(Crawled caption data)
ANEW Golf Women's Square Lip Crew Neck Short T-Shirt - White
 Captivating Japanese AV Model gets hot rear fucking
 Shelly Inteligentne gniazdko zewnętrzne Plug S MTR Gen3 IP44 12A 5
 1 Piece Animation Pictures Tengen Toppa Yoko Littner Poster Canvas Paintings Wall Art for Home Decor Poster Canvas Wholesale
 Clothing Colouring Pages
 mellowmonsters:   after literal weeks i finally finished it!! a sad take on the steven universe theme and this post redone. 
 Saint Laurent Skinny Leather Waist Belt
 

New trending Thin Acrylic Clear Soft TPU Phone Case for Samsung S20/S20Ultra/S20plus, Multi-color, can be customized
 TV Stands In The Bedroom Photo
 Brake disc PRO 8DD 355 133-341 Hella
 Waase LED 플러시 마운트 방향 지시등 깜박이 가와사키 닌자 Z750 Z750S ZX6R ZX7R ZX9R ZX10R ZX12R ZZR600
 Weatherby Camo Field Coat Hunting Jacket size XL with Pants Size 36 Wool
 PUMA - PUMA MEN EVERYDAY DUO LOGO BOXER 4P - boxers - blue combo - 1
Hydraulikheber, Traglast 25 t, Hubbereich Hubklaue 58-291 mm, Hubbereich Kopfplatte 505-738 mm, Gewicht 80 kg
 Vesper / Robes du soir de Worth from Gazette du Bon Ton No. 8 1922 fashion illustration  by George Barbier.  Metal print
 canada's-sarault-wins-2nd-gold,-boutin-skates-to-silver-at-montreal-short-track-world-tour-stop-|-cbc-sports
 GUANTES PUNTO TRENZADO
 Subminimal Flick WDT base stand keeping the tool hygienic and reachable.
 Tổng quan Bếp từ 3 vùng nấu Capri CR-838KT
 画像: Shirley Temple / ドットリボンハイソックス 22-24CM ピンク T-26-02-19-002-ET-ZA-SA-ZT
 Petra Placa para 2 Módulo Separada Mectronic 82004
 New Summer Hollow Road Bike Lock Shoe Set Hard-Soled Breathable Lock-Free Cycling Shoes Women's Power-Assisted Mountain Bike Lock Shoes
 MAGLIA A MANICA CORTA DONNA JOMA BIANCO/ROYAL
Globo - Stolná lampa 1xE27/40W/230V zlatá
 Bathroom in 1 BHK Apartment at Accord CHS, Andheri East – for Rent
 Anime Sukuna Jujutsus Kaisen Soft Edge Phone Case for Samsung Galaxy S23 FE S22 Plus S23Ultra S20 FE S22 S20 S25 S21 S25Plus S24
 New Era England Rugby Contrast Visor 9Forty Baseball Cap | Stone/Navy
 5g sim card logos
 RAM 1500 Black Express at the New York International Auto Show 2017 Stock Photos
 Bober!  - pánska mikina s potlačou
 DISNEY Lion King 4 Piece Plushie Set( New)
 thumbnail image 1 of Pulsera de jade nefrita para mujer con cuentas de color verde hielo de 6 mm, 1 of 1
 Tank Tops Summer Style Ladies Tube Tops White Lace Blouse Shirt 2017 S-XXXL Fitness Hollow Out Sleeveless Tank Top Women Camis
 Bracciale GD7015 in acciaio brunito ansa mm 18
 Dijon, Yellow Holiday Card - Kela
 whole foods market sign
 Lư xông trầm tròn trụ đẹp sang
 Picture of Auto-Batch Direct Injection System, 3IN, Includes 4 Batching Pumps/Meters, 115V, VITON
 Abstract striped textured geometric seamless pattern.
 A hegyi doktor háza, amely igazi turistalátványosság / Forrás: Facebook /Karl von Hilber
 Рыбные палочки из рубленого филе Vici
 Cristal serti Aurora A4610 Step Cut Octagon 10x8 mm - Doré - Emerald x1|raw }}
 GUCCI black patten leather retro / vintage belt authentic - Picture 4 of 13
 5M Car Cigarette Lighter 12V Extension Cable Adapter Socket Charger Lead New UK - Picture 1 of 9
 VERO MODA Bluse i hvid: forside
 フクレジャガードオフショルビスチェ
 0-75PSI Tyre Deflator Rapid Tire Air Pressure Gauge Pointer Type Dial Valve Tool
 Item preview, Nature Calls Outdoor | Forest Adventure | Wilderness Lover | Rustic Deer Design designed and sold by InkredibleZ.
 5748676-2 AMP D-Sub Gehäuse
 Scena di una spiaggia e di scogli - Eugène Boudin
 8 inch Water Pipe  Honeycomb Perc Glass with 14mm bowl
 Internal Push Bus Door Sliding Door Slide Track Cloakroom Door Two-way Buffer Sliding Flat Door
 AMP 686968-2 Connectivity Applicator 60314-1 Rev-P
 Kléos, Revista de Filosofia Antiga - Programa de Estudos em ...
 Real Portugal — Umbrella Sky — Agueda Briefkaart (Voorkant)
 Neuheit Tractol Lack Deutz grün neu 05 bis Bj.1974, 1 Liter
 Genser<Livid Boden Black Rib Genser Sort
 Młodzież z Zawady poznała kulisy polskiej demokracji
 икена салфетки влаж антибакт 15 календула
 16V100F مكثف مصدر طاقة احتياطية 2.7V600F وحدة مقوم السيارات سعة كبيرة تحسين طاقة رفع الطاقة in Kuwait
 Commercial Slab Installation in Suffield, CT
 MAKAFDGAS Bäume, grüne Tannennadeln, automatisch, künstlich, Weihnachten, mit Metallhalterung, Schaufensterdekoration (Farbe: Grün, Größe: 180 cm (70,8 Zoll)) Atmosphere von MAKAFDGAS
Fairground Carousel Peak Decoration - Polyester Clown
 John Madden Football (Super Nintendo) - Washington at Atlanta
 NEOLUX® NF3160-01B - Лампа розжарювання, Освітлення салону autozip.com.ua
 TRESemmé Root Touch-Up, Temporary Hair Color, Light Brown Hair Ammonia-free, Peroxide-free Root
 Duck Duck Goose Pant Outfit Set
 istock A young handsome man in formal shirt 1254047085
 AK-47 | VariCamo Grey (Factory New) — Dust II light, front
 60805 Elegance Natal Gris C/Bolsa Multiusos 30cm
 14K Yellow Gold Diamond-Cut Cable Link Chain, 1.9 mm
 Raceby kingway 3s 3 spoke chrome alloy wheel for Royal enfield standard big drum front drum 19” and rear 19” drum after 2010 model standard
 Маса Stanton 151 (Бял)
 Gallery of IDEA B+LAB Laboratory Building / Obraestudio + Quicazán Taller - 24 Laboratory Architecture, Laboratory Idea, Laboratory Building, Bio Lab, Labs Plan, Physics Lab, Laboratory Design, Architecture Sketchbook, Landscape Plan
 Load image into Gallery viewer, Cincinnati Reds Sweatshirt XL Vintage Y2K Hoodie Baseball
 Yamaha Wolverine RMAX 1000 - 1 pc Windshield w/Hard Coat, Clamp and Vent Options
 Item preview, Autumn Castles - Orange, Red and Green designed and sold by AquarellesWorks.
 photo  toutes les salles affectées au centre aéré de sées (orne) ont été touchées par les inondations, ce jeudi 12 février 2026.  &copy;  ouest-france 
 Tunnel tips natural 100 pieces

### Exercise prompt
Transcribe the records above exactly, beginning at the line that contains "16V100F مكثف مصدر" and ending with the line that contains "Commercial Slab Installation in Suffield, CT", both included, and nothing else.

### Solution
 16V100F مكثف مصدر طاقة احتياطية 2.7V600F وحدة مقوم السيارات سعة كبيرة تحسين طاقة رفع الطاقة in Kuwait
 Commercial Slab Installation in Suffield, CT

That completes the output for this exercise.